PROVIDED INFORMATION:
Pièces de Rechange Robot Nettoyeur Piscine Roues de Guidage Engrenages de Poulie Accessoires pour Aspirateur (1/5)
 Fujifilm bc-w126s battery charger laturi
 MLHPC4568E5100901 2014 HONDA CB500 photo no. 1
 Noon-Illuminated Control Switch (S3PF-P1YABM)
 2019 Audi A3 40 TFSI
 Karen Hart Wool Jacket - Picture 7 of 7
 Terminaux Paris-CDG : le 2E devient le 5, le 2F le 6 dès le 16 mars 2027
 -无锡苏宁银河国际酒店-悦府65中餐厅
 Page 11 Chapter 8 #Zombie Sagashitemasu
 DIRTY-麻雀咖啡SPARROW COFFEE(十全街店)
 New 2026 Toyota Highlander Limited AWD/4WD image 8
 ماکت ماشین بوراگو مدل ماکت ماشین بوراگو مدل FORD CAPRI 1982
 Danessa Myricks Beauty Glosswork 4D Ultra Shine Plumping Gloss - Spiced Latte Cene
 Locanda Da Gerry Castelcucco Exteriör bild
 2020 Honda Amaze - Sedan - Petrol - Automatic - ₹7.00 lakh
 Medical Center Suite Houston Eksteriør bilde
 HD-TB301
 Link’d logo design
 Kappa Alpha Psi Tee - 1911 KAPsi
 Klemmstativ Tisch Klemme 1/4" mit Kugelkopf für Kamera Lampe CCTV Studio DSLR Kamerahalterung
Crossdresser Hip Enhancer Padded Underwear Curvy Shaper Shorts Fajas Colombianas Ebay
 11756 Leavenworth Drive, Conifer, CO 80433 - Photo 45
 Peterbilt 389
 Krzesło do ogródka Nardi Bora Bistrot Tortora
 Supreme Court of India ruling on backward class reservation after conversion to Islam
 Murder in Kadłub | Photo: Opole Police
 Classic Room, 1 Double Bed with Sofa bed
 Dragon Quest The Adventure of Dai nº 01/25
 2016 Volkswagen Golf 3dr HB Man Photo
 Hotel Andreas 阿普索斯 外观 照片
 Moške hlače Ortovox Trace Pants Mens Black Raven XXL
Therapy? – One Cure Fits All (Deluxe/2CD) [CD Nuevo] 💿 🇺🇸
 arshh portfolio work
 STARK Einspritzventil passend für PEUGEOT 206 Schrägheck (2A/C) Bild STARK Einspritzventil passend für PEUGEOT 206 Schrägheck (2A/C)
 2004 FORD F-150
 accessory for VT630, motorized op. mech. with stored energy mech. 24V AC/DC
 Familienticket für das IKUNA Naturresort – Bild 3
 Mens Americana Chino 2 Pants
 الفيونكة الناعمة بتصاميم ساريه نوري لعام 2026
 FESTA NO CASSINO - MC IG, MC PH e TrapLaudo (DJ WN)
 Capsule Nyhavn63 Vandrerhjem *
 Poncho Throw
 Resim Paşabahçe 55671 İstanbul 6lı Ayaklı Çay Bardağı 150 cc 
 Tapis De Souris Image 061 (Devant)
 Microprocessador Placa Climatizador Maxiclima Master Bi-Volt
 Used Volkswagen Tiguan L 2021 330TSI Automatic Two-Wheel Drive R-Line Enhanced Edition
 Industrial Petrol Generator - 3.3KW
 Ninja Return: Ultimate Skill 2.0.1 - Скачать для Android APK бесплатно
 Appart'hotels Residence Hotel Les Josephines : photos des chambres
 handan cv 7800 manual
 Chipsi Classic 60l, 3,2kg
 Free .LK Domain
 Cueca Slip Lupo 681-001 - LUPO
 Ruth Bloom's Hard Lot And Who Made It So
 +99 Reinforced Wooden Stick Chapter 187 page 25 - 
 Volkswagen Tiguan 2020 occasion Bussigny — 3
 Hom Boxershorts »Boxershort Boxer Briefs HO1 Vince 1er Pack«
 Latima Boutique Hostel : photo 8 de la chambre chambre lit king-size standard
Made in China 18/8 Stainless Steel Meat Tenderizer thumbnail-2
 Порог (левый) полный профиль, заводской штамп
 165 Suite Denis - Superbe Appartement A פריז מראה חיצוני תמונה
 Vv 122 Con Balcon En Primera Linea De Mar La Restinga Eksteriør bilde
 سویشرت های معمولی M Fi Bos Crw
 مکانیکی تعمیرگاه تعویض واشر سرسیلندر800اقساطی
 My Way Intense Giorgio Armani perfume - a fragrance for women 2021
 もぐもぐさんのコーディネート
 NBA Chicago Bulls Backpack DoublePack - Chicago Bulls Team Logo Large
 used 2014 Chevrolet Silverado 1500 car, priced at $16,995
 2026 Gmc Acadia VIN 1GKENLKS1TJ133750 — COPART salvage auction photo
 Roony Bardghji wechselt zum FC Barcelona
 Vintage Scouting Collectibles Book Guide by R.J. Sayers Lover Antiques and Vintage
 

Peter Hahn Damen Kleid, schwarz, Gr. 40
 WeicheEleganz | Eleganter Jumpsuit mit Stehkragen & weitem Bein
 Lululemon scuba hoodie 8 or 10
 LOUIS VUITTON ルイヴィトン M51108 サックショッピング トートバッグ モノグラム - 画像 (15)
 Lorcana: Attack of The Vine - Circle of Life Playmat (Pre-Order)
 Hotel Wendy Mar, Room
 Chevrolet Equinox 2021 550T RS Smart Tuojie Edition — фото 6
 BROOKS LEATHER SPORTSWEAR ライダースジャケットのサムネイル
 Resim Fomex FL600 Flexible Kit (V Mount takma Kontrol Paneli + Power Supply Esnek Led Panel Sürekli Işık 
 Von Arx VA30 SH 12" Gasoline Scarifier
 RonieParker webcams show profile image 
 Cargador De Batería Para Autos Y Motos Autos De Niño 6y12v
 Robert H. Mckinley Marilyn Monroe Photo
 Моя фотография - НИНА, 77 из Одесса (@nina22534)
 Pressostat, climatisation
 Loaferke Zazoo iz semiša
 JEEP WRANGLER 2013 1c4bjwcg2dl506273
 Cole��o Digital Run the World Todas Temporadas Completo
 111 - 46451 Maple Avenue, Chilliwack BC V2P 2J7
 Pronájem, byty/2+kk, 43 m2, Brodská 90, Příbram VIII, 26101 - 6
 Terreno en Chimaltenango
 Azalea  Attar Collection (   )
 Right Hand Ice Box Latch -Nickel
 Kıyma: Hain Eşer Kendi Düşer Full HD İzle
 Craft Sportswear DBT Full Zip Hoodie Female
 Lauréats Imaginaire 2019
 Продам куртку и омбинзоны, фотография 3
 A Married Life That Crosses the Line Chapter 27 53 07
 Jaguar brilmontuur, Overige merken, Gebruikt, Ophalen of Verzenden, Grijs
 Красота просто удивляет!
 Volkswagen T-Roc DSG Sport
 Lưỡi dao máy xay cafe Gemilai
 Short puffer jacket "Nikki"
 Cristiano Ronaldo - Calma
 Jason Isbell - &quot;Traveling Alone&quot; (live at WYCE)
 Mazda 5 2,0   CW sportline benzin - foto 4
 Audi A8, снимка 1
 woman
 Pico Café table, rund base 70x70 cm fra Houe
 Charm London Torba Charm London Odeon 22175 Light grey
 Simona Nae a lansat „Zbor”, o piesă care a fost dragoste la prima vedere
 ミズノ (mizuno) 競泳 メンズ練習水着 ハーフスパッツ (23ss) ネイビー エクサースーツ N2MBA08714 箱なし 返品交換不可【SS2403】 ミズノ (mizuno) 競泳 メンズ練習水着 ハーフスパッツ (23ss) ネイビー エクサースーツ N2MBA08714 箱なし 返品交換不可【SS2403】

TASK BRIEF:
Give back the records above exactly, limited to the lines between the one holding "DIRTY-麻雀咖啡SPARROW COFFEE(十全街店)" and the one holding "Therapy? – One", inclusive.

RESPONSE TO THIS EXERCISE:
 DIRTY-麻雀咖啡SPARROW COFFEE(十全街店)
 New 2026 Toyota Highlander Limited AWD/4WD image 8
 ماکت ماشین بوراگو مدل ماکت ماشین بوراگو مدل FORD CAPRI 1982
 Danessa Myricks Beauty Glosswork 4D Ultra Shine Plumping Gloss - Spiced Latte Cene
 Locanda Da Gerry Castelcucco Exteriör bild
 2020 Honda Amaze - Sedan - Petrol - Automatic - ₹7.00 lakh
 Medical Center Suite Houston Eksteriør bilde
 HD-TB301
 Link’d logo design
 Kappa Alpha Psi Tee - 1911 KAPsi
 Klemmstativ Tisch Klemme 1/4" mit Kugelkopf für Kamera Lampe CCTV Studio DSLR Kamerahalterung
Crossdresser Hip Enhancer Padded Underwear Curvy Shaper Shorts Fajas Colombianas Ebay
 11756 Leavenworth Drive, Conifer, CO 80433 - Photo 45
 Peterbilt 389
 Krzesło do ogródka Nardi Bora Bistrot Tortora
 Supreme Court of India ruling on backward class reservation after conversion to Islam
 Murder in Kadłub | Photo: Opole Police
 Classic Room, 1 Double Bed with Sofa bed
 Dragon Quest The Adventure of Dai nº 01/25
 2016 Volkswagen Golf 3dr HB Man Photo
 Hotel Andreas 阿普索斯 外观 照片
 Moške hlače Ortovox Trace Pants Mens Black Raven XXL
Therapy? – One Cure Fits All (Deluxe/2CD) [CD Nuevo] 💿 🇺🇸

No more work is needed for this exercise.